I played it off like a pro and the ride proceeded successfully, down the path to his school and back. I couldn’t have been prouder of him. But my recollection of his milestone accomplishment on that gorgeous, crisp fall day will always be accompanied by the sense memory of my shorts clinging to my cheeks by a strip of warm, then cold, diarrhea.
It’s when your poop turns cold that the sadness really kicks in.
And Now Let’s Go Down To The Sideline And Check In With Charissa Thompson
“Drew, I caught up with Santa in his workshop just now and asked him about his sleigh team’s status for Tuesday night. He told me his ‘jingle bells’ were ‘all shined up.’ Then he gave me an uncomfortable wink and said, ‘You know Chris, a chimney isn’t the only place I’ll go down, if you catch my snowdrift.’ I quickly left the workshop and drank an entire bottle of wine to decompress. Back to you, Drew.”
Thank you, Charissa.
Gametime Cheap Beer Of The Week
Jupiler! One of the finest beers in our whole sodar sysstim! From Eric!
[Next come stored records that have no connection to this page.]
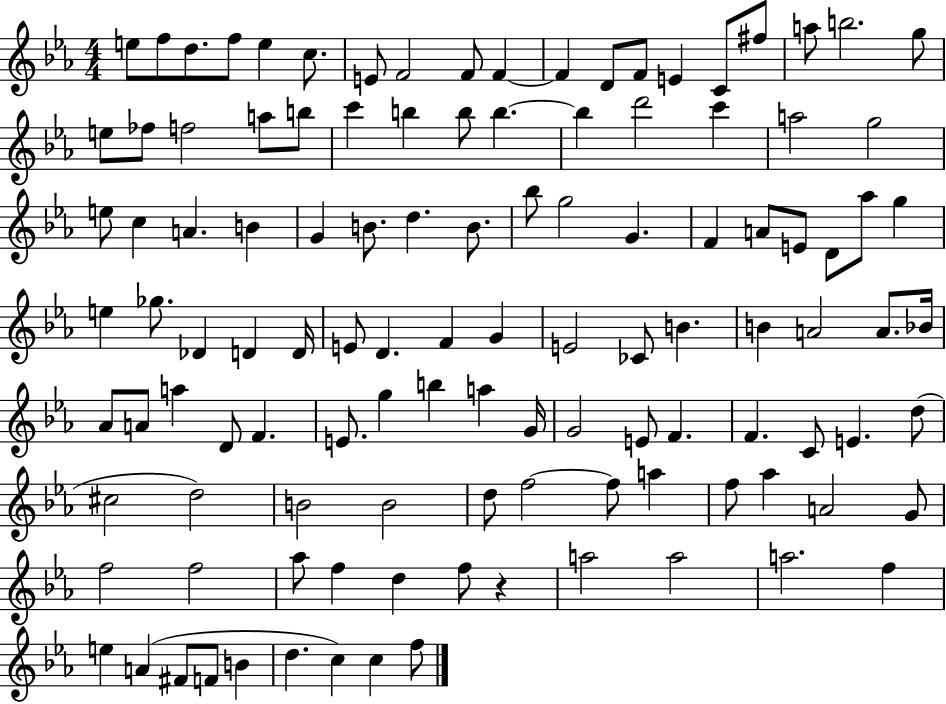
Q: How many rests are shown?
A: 1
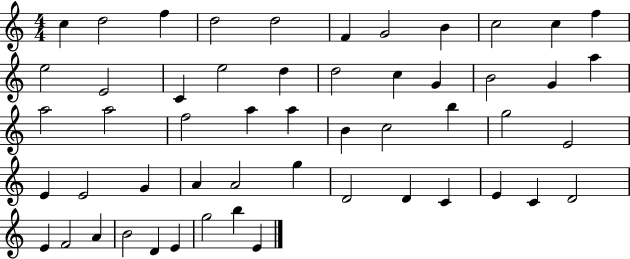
C5/q D5/h F5/q D5/h D5/h F4/q G4/h B4/q C5/h C5/q F5/q E5/h E4/h C4/q E5/h D5/q D5/h C5/q G4/q B4/h G4/q A5/q A5/h A5/h F5/h A5/q A5/q B4/q C5/h B5/q G5/h E4/h E4/q E4/h G4/q A4/q A4/h G5/q D4/h D4/q C4/q E4/q C4/q D4/h E4/q F4/h A4/q B4/h D4/q E4/q G5/h B5/q E4/q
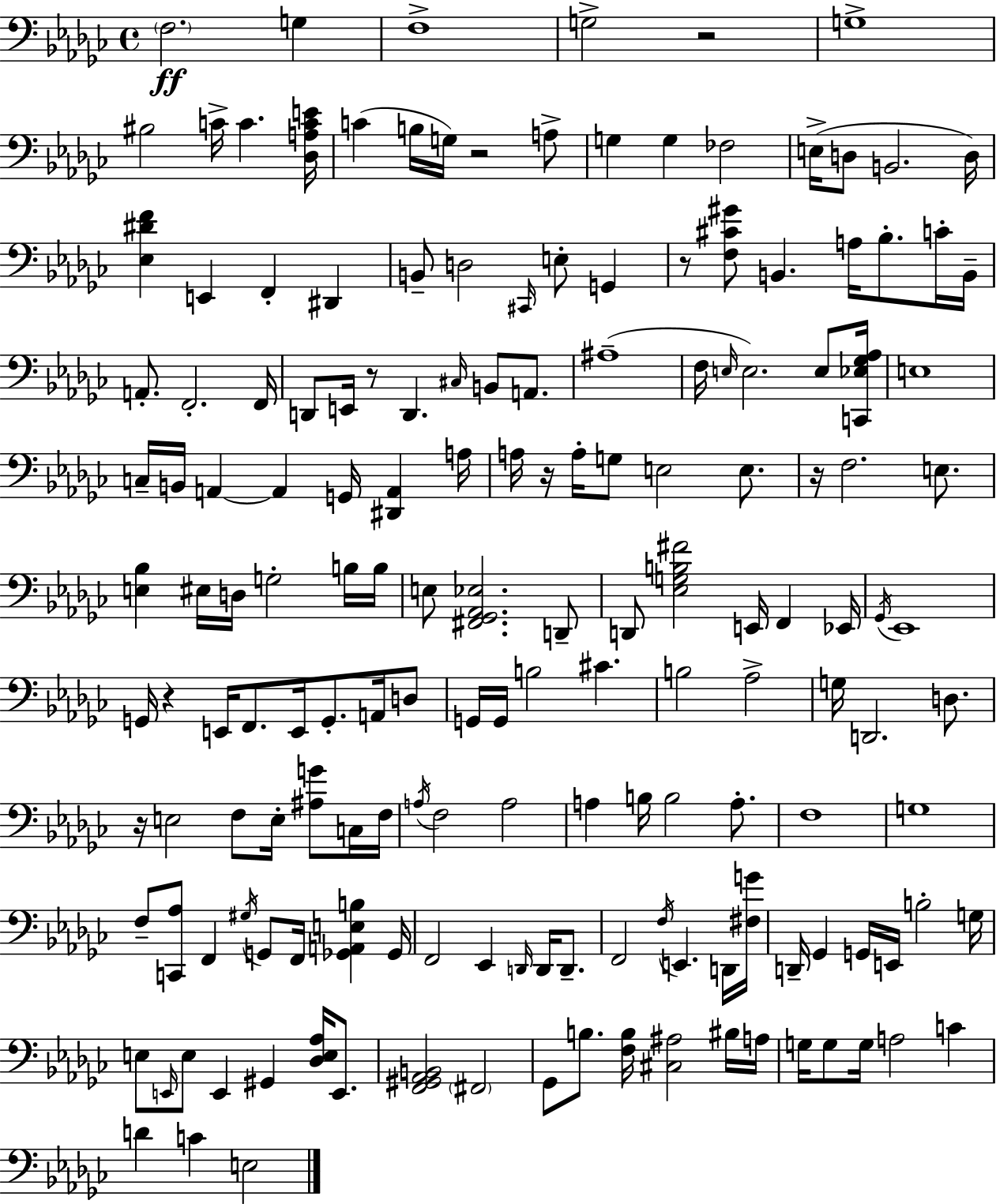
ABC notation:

X:1
T:Untitled
M:4/4
L:1/4
K:Ebm
F,2 G, F,4 G,2 z2 G,4 ^B,2 C/4 C [_D,A,CE]/4 C B,/4 G,/4 z2 A,/2 G, G, _F,2 E,/4 D,/2 B,,2 D,/4 [_E,^DF] E,, F,, ^D,, B,,/2 D,2 ^C,,/4 E,/2 G,, z/2 [F,^C^G]/2 B,, A,/4 _B,/2 C/4 B,,/4 A,,/2 F,,2 F,,/4 D,,/2 E,,/4 z/2 D,, ^C,/4 B,,/2 A,,/2 ^A,4 F,/4 E,/4 E,2 E,/2 [C,,_E,_G,_A,]/4 E,4 C,/4 B,,/4 A,, A,, G,,/4 [^D,,A,,] A,/4 A,/4 z/4 A,/4 G,/2 E,2 E,/2 z/4 F,2 E,/2 [E,_B,] ^E,/4 D,/4 G,2 B,/4 B,/4 E,/2 [^F,,_G,,_A,,_E,]2 D,,/2 D,,/2 [_E,G,B,^F]2 E,,/4 F,, _E,,/4 _G,,/4 _E,,4 G,,/4 z E,,/4 F,,/2 E,,/4 G,,/2 A,,/4 D,/2 G,,/4 G,,/4 B,2 ^C B,2 _A,2 G,/4 D,,2 D,/2 z/4 E,2 F,/2 E,/4 [^A,G]/2 C,/4 F,/4 A,/4 F,2 A,2 A, B,/4 B,2 A,/2 F,4 G,4 F,/2 [C,,_A,]/2 F,, ^G,/4 G,,/2 F,,/4 [_G,,A,,E,B,] _G,,/4 F,,2 _E,, D,,/4 D,,/4 D,,/2 F,,2 F,/4 E,, D,,/4 [^F,G]/4 D,,/4 _G,, G,,/4 E,,/4 B,2 G,/4 E,/2 E,,/4 E,/2 E,, ^G,, [_D,E,_A,]/4 E,,/2 [F,,^G,,_A,,B,,]2 ^F,,2 _G,,/2 B,/2 [F,B,]/4 [^C,^A,]2 ^B,/4 A,/4 G,/4 G,/2 G,/4 A,2 C D C E,2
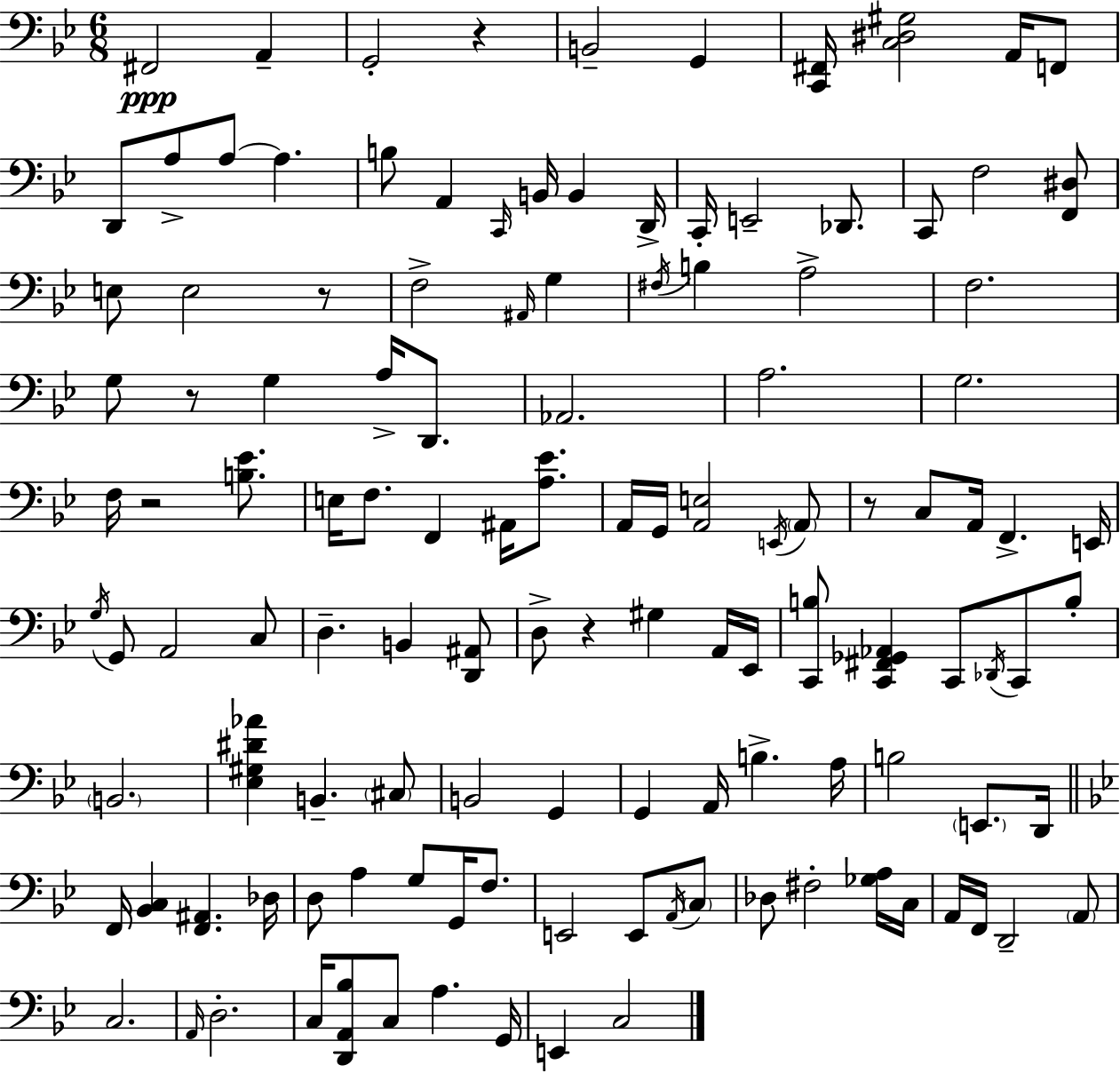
X:1
T:Untitled
M:6/8
L:1/4
K:Bb
^F,,2 A,, G,,2 z B,,2 G,, [C,,^F,,]/4 [C,^D,^G,]2 A,,/4 F,,/2 D,,/2 A,/2 A,/2 A, B,/2 A,, C,,/4 B,,/4 B,, D,,/4 C,,/4 E,,2 _D,,/2 C,,/2 F,2 [F,,^D,]/2 E,/2 E,2 z/2 F,2 ^A,,/4 G, ^F,/4 B, A,2 F,2 G,/2 z/2 G, A,/4 D,,/2 _A,,2 A,2 G,2 F,/4 z2 [B,_E]/2 E,/4 F,/2 F,, ^A,,/4 [A,_E]/2 A,,/4 G,,/4 [A,,E,]2 E,,/4 A,,/2 z/2 C,/2 A,,/4 F,, E,,/4 G,/4 G,,/2 A,,2 C,/2 D, B,, [D,,^A,,]/2 D,/2 z ^G, A,,/4 _E,,/4 [C,,B,]/2 [C,,^F,,_G,,_A,,] C,,/2 _D,,/4 C,,/2 B,/2 B,,2 [_E,^G,^D_A] B,, ^C,/2 B,,2 G,, G,, A,,/4 B, A,/4 B,2 E,,/2 D,,/4 F,,/4 [_B,,C,] [F,,^A,,] _D,/4 D,/2 A, G,/2 G,,/4 F,/2 E,,2 E,,/2 A,,/4 C,/2 _D,/2 ^F,2 [_G,A,]/4 C,/4 A,,/4 F,,/4 D,,2 A,,/2 C,2 A,,/4 D,2 C,/4 [D,,A,,_B,]/2 C,/2 A, G,,/4 E,, C,2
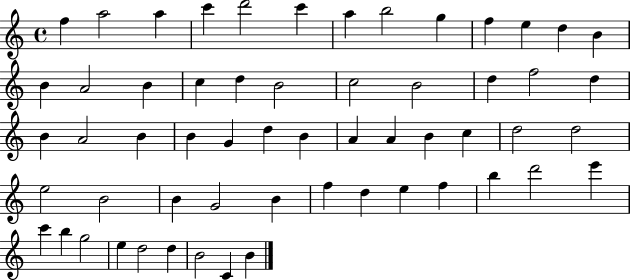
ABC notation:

X:1
T:Untitled
M:4/4
L:1/4
K:C
f a2 a c' d'2 c' a b2 g f e d B B A2 B c d B2 c2 B2 d f2 d B A2 B B G d B A A B c d2 d2 e2 B2 B G2 B f d e f b d'2 e' c' b g2 e d2 d B2 C B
I present Jupiler from Belgium. Available from vending machines on the street, or in glorious crates. It always felt like we got more money back from returning the bottles and the crate than we spent to purchase this beer. Euronomics I guess.
[my wife’s voice] Oh that’s a good crate. Don’t throw that away.
Gameday Movie Of The Week For Giants Fans
John Wick 4, featuring Scott Adkins as a fat Russian asthmatic! Oh, and Keanu Reeves is also here. This is the best of the Wick movies: a genuine four-star action masterpiece. There’s a good chance that I spend this Christmas break introducing my sons to the JWCU. Die Hard, too. I’m really back into on-screen violence these days. Violence kicks ass.
Gratuitous Simpsons Quote
“I can't get your song out of my mind. I haven't felt this way since Funky Town!”
Enjoy the games, everyone. Merry Christmas!